This is another wireframe thickening tool, intended for 3d printing use.

In contrast to exoskeleton (which works on general line networks), this works exclusively on lines which form the edges of meshes. The additional connectivity information present in this case makes it possible to produce an output with all quads, and moreover, a quad mesh with all even valence vertices.

Because it works on a Plankton mesh, the input can be made of ngons. We can also input a triangular mesh, apply the dual operation, and then thicken the edges of the resulting polygon mesh. This works well in combination with the remeshing script I posted here, for getting approximately equal edge lengths. This can be used to quickly turn any closed mesh into a lightweight hexagonal (mostly - with a few pentagons and heptagons for curvature) frame structure.

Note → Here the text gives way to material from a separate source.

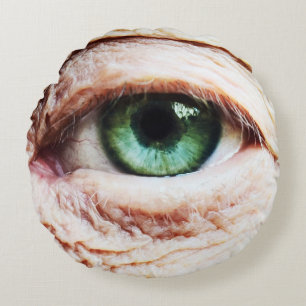 Beängstigendes Augapfel und Halloween Grünes Auge Rundes Kissen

The even valence quad mesh property of the resulting thickened mesh means we can also use the mesh direction-sorting and directional-subdivision tools from Kangaroo (described here).

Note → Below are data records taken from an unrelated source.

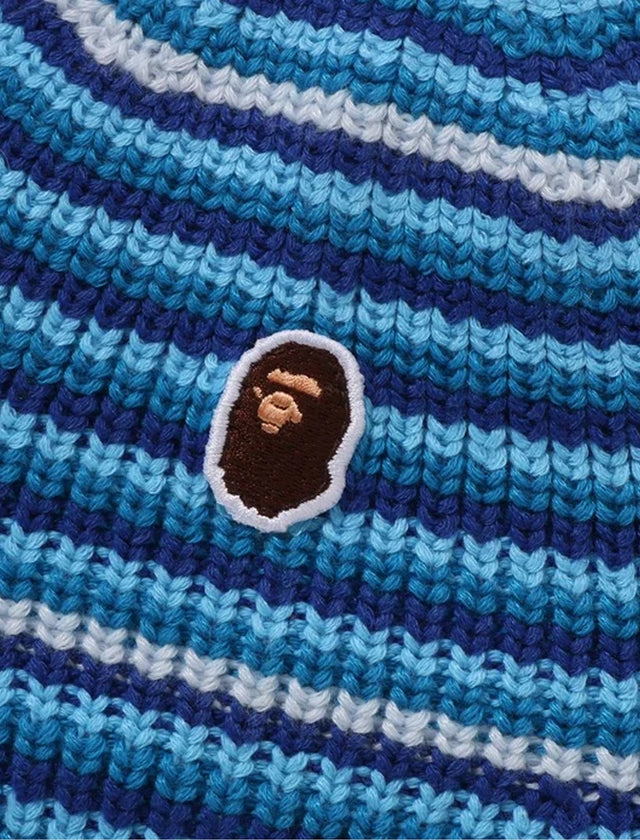 APE HEAD ONE POINT STRIPE KNIT HAT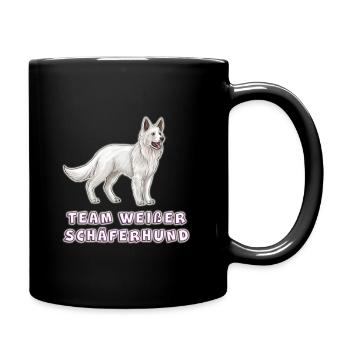Team weißer schäferhund - Tasse einfarbig - Schwarz - Rechts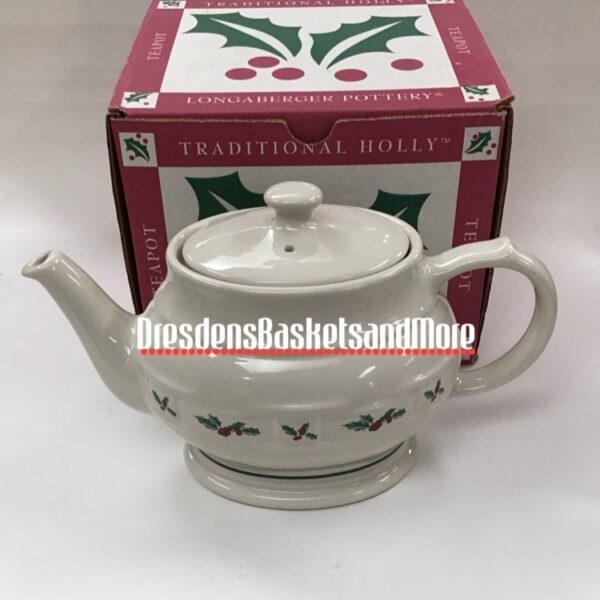 Longaberger Traditional Holly Hostess Teapot NIB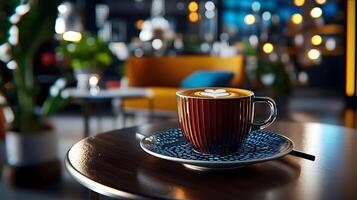 Peaceful Coffee Break at a Cozy 3D Caf Table with Soft Lighting photo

When combined with Weaverbird's Catmull-Clark subdivision, this allows us to smooth the mesh, while also having control over how much 'webbing' occurs at the nodes:

from left to right we see:

  • 2 levels of Catmull-Clark with no directional subdivision
  • 1 level of directional subD, then 2 Catmull-Clark
  • 2 levels of directional subD, then 2 Catmull-Clark

One could even combine the resulting surfaces with all sorts of relaxation, or developable strip unrolling...

The code is there for you to read, so feel free to experiment and make adjustments to it. Hopefully it is fairly self explanatory.

Please feel free to ask any questions or suggest improvements, or just show off anything you create using this.

and yes - because the input and output are both meshes, you can apply it recursively!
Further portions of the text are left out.